I see the tenacity of Mother Nature when a flower or two surface in spots that I would have considered uninhabitable; merging from cracks in the pavement, or finding their way to bloom in the sunlight through the mounds of dead winter grasses.
Somehow, I think we can learn a thing or two from these flowers.
Just like you can’t really watch the grass grow – it’s hard to see how a yoga practice grows and blooms everyday as well. I think back to the first few times I tried a headstand – I either fell flat on my head, or found it impossible to lift the other leg to the wall. It was frustrating. Until one day, it just happened. Effortlessly.
I look at the effortless headstand I can do today – floating, rather than kicking. Exploring the pose for a minute or two, rather than noticing how sweaty my palms were.
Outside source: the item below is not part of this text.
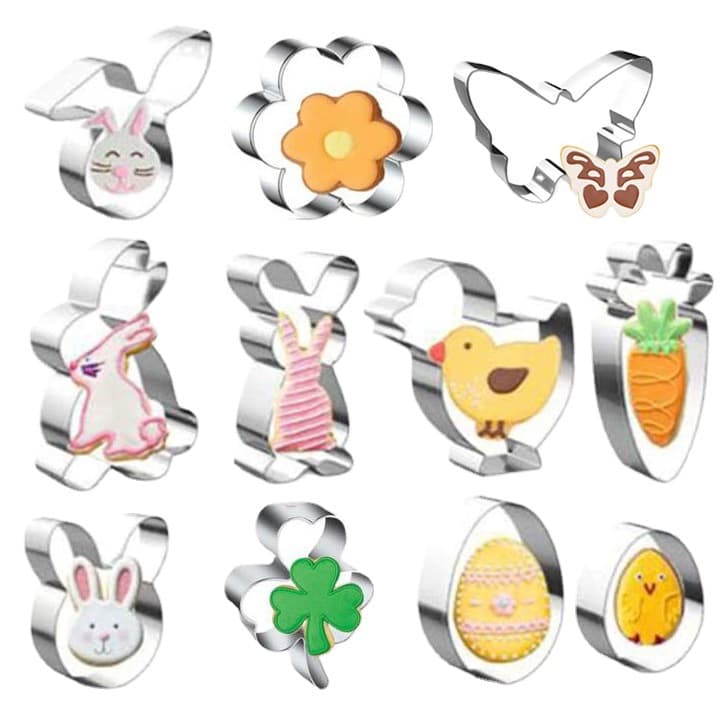 Supply Easter cookie cutters, cake baking molds, rabbit cookie cutters, 11-piece cookie cutter set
Just like a bud ready to bloom, each attempt at a new yoga pose contains untapped, vibrant energy just waiting to change into something beautiful. But, like the bud, it also takes time to blossom into something beautiful. Showing up time after time on the yoga mat we might not always see the difference in our practice. But it happens, whether it’s as fast as a bloom or slow like the grass.
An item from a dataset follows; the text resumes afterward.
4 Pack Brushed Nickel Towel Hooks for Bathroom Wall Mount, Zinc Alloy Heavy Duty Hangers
I believe it is the tenacity of our own practice that allows those subtle changes and growth to finally let us bloom into the pose when we find the “Ah Ha” moment that allows the feeling of effortlessness to open our mind and body into the pose.
Here are 5 subtle signs that your yoga practice is blooming:
- Despite obstructions in life, your practice continues.
- Instead of fear, you feel inspiration.
- Instead of impossible, you see the realm of possibility.
- Helplessness fades and is replaced with a feeling of support.
- The once unimaginable is now accomplished with effortless ease.
There is a lot we can learn from flowers. We are all budding with potential at every moment. We can see how much we’ve grown by realizing how we started.
If we just notice the changes, we can understand the benefits that our ongoing practice has given to us – both on and off the mat.